# More Smoked Salmon



## Bearcarver (Mar 15, 2010)

This is my second last batch for this year. As soon as I vacuum packed these I took the last three fillets out of the freezer. This batch came out the best of all 7 batches I have done so far. The final batch that is thawing now will be done exactly the same as this batch, to confirm that everything is just right. If it comes out as good as this batch, I will post exactly how it was done----brine mix & time in brine, temps, smoking woods, when it was pulled out, etc. It'll take about 3 days to thaw completely, so the last batch will probably be smoked around Saturday. I will then throw away most of my other batch notes, and only keep the best one of all. I will give all of you great meat smoking friends the best of all of my Smoked Salmon experiments. This way others can avoid the ones that were too dry, too tuff, too moist, too salty, etc, etc.
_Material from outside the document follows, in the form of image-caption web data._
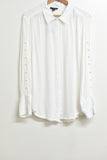 Ladies Tops *New* - Autograph - Size 18 - LT0 WPLU - FAS018 - GEE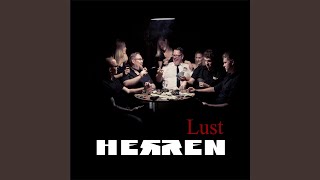 Songtext von HERREN - Feuer Text Musik-video-Miniaturansicht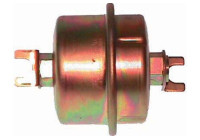 Fuel filter HF-8854 AMC Filter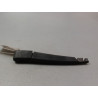 BRAS ESSUIE-GLACE ARRIERE PEUGEOT 308 2009-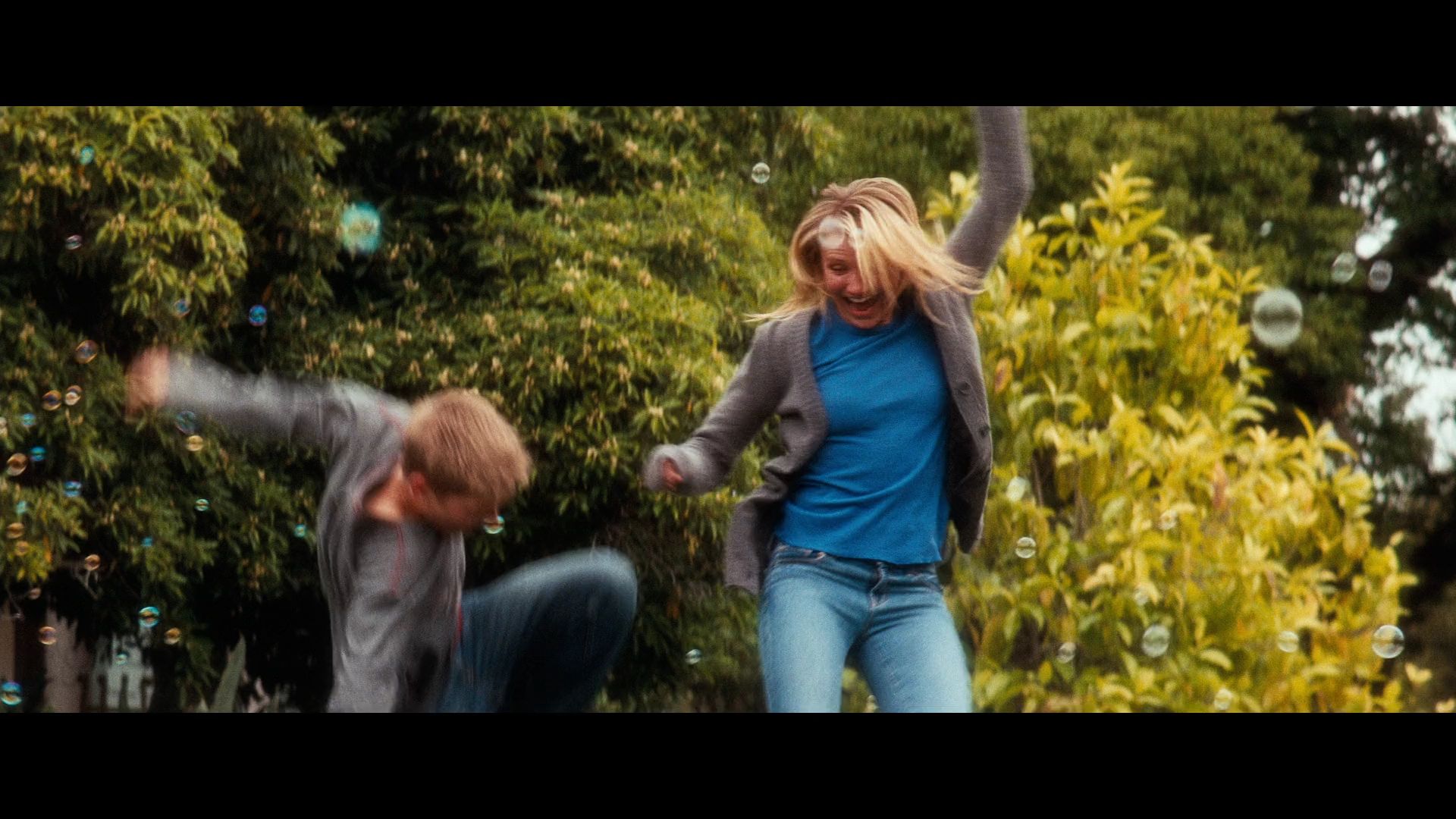 2009-MySistersKeeper-0043.jpg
Three Salmon Fillets & one little Tuna belly piece:










After brining, rinsing, and patting dry (Made pieces a little bigger this time):









Completed & ready for packing:






Thanks for lookin',
Bearcarver


BTW: I can't wait to get all of these Salmon fillets finished. I need to make some "Boneless Smoked Pork Chops" !


----------



## caveman (Mar 15, 2010)

I will be expecting my package by FEDEX sometime later this week.  Outstanding looking fish.


----------



## meateater (Mar 15, 2010)

I will be looking out for that recipe!


----------



## Bearcarver (Mar 16, 2010)

Thank You for the points *Sircave.* I appreciate it.


*Meateater,*
I should be posting my final batch, with complete recipe & notes by early next week.


Bearcarver


----------